The White Olive Tree est l’adaptation du roman de Jiu Yuexi. L’histoire suit Song Ran (Liang Jie), journaliste envoyée en zone de conflit en Asie de l’Est, où elle est secourue par Li Zan (Chen Zheyuan), ingénieur en explosifs engagé comme volontaire. Leur rencontre dans un contexte de guerre et de danger constant fait naître une relation progressive, marquée par des idéaux communs et des blessures personnelles.
J’ai regardé ce drama avec de grandes attentes, notamment pour son esthétique soignée et la performance de Chen Zheyuan.

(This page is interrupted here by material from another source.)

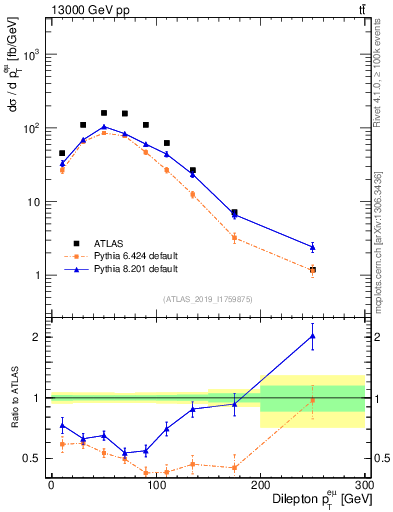 Plot of ll.pt in 13000 GeV pp collisions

Malgré une production visuellement assez réussie, l’histoire souffre de nombreuses incohérences et d’un rythme extrêmement lent, relevant d’un slow burn mal maîtrisé. Le récit adopte une forme très étirée, presque “observée”, avec des scènes prolongées (silences, regards, actions minimes) qui finissent par réduire leur impact émotionnel.
Le drama tente de mêler une romance naïve à une tragédie lourde sans trouver d’équilibre. La romance est inégale : certaines scènes fonctionnent et paraissent sincères, tandis que d’autres tombent dans une forme de naïveté presque infantile, créant un déséquilibre global.
Le personnage féminin, Song Ran, accentue parfois ce ressenti avec des réactions peu naturelles et des réponses répétées par onomatopées (“umh…”), ce qui n'est pas agréble dans les échanges.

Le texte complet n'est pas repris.